**The problem:**
Output must consist only of the lines of the material below from the one with "Pension Alpenperle Holzgau Exterior foto" through the one with "A bed or beds", each reproduced exactly; no pictures belong in it.

==== Data for analysis ====

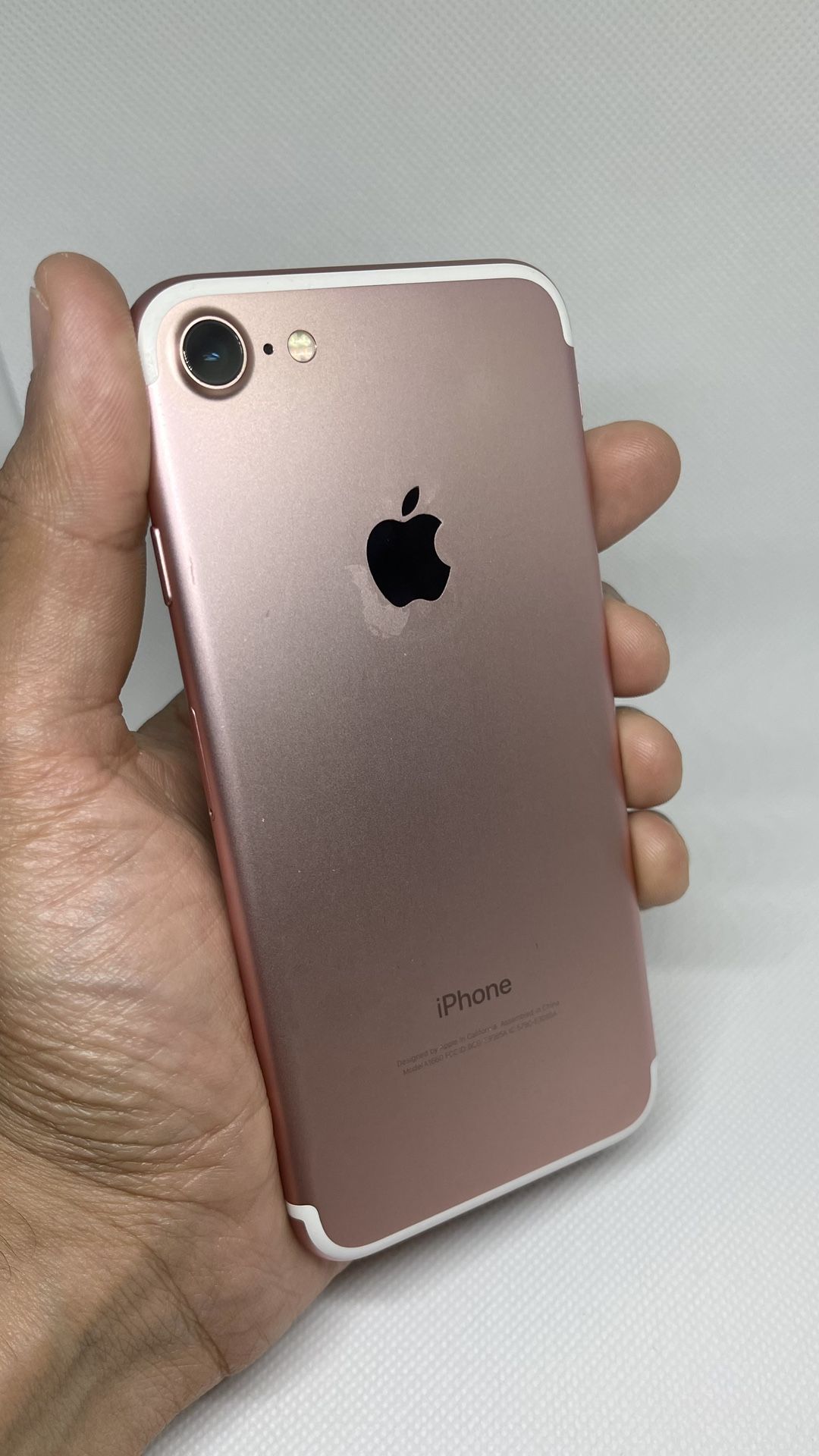 iPhone 7 32gbROSE GOLD(UNLOCKED)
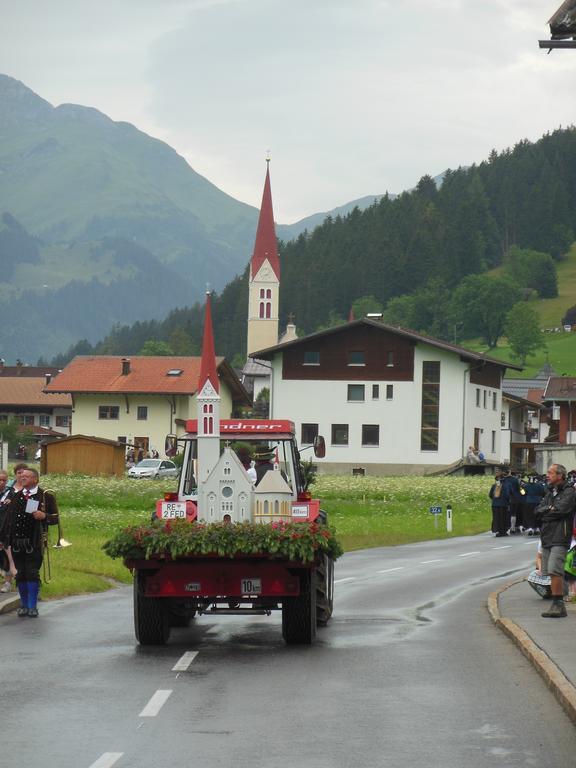 Pension Alpenperle Holzgau Exterior foto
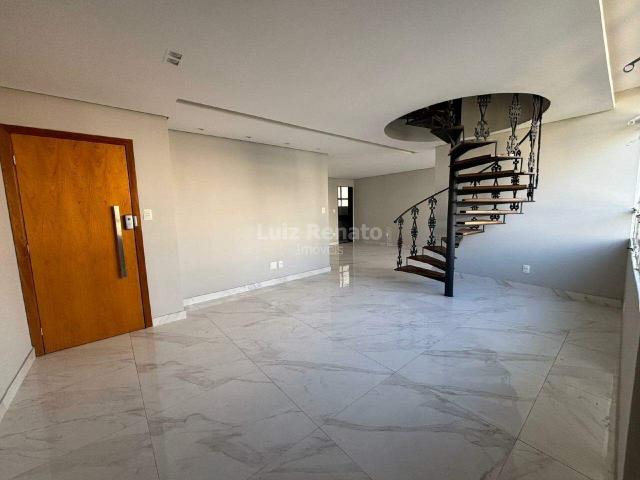 Cobertura triplex para aluguel, 4 quartos, 300m² de área no Grajaú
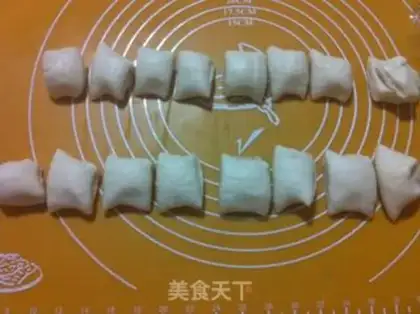 Make White-covered snacks step 4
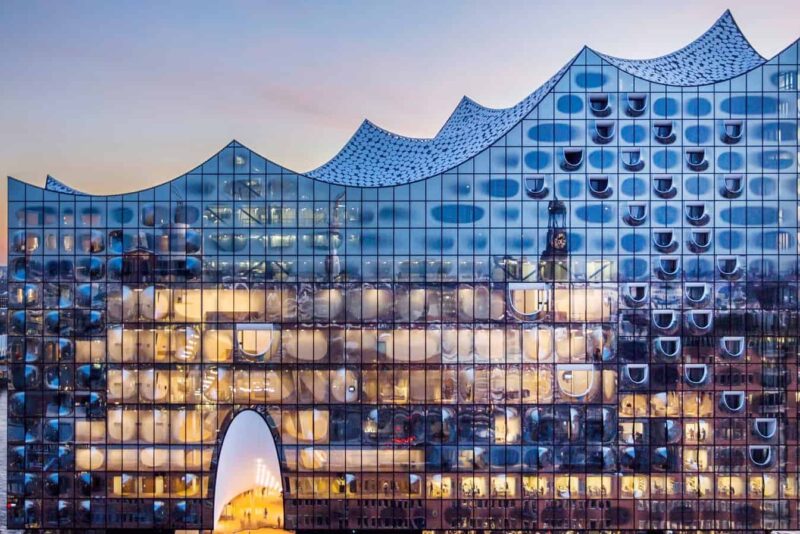 170106_raetzke_elbphilharmonie_0287_1.jpg__1794x897_q85_crop_subject_location-2774,1836_subsampling-2_upscale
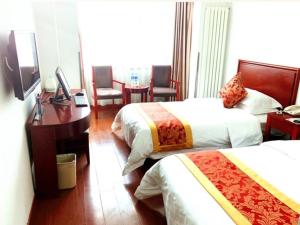
A bed or beds in a room at GreenTree Inn Beijing Capital Airport New International Exhibition Center Express Hotel
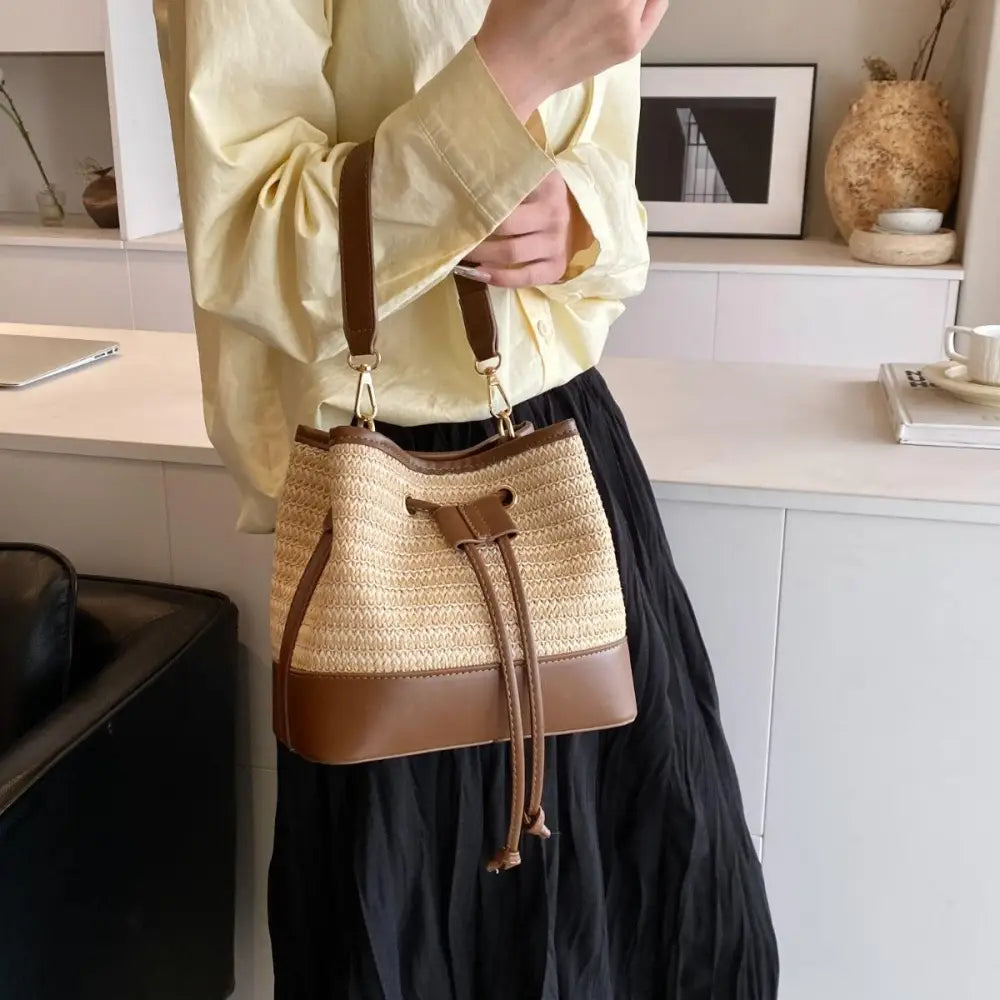 Chic Straw Braided Shoulder Bag for Summer Adventures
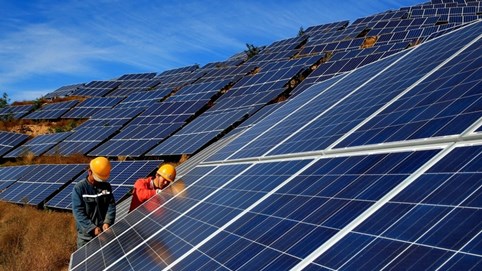 Bộ Công Thương sẽ "siết" giá điện mặt trời áp mái chỉ còn 5,2-5,8 cent/kWh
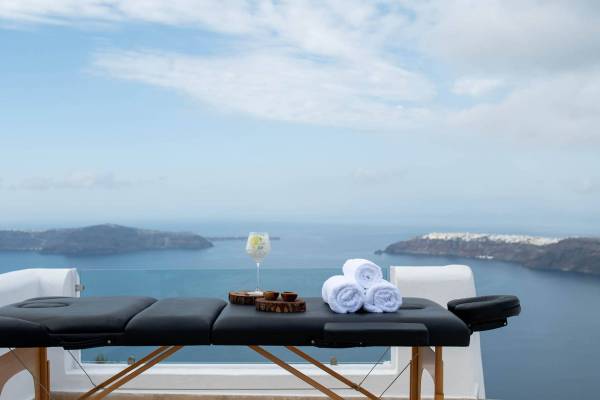 Above Blue Suites Facilities | Massage & Beauty Therapies in Santorini Massage & Beauty Therapies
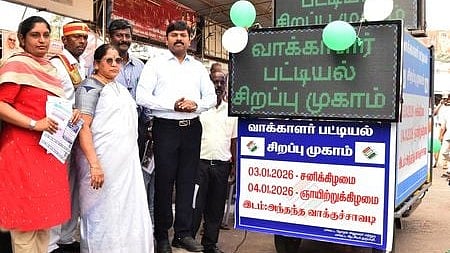 தருமபுரியில் வாக்காளா் பட்டியல் சிறப்பு திருத்த முகாம் குறித்த விழிப்புணா்வு வாகனத்தை தொடங்கி வைக்கிறாா் மாவட்ட ஆட்சியா் ரெ. சதீஸ். உடன் தருமபுரி நகா்மன்றத் தலைவா் லட்சுமி நாட்டான் மாது, வருவாய் கோட்டாட்சியா் காயத்ரி உள்ளிட்டோா்.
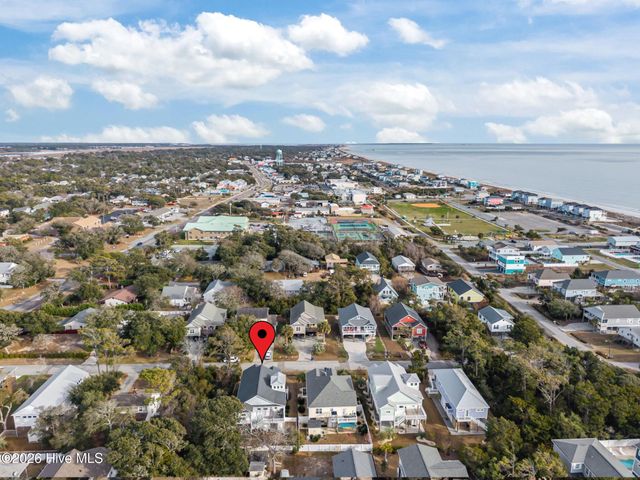 107 SE 44th Street, Oak Island, NC 28465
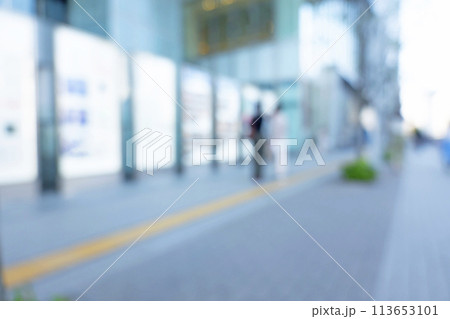 ビジネス街の背景ぼかし ビジネス街の背景ぼかし 113653101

====

**Task answer:**
 Pension Alpenperle Holzgau Exterior foto
 Cobertura triplex para aluguel, 4 quartos, 300m² de área no Grajaú
 Make White-covered snacks step 4
 170106_raetzke_elbphilharmonie_0287_1.jpg__1794x897_q85_crop_subject_location-2774,1836_subsampling-2_upscale
A bed or beds in a room at GreenTree Inn Beijing Capital Airport New International Exhibition Center Express Hotel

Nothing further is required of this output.